Python project

Overview

Teaching: 40 min
Exercises: 20 min
Questions
  • How do I make a python package?

  • What is the best way to setup a package?

  • Can I include data in my python package?

Objectives
  • Create a python package

  • Make the package easy to install

Parts of a python package

The two main parts of a python package are the executable scripts and the python modules.

The executable scripts are things that you run on the command line are installed by appending them to the$PATH environment variable so they can be run anywhere. Executable scripts are usually short (only tens of lines of code) and call functions from the python modules. They are most useful for automating tasks that you do regularly.

The python modules are python functions and classes that can be imported into other python scripts by appending them to the $PYTHONPATH environment variable. Python modules are usually longer (hundreds of lines of code) and are used to implement the core functionality of your package. They are useful to make new python code as they can be imported into other scripts. Being able to only use parts of your code makes it more flexible and more useful for others.

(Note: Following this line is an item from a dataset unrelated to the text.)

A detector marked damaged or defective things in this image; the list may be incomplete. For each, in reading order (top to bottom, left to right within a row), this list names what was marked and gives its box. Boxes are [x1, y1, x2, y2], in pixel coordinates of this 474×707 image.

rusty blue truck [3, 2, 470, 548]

The template we will be working toward

We have created a template with the basic structure of a python package. This can be used a starting point for your own python packages and has some of the documentations and tests set up so you can see how they work and edit them for your purposes. We will slowly work towards a complete version of this template over the course of the workshop.

Creating a simple python package

To ensure that we understand the basics of the python package structure we will create a simple package the prints “Hello World!” to the screen.

First we shall make a function that prints “Hello World!” to the screen. We will put this in a directory called my_package in a file called my_file. We will also need to create a file called __init__.py in the my_package directory to tell python that this is a python module.

mkdir my_package
cd my_package
touch my_file.py
touch __init__.py

Next we will add the following code to my_file.py:

def hello_world():
    print("Hello World!")

This is our python module set up, we will now create an executable script that calls this function.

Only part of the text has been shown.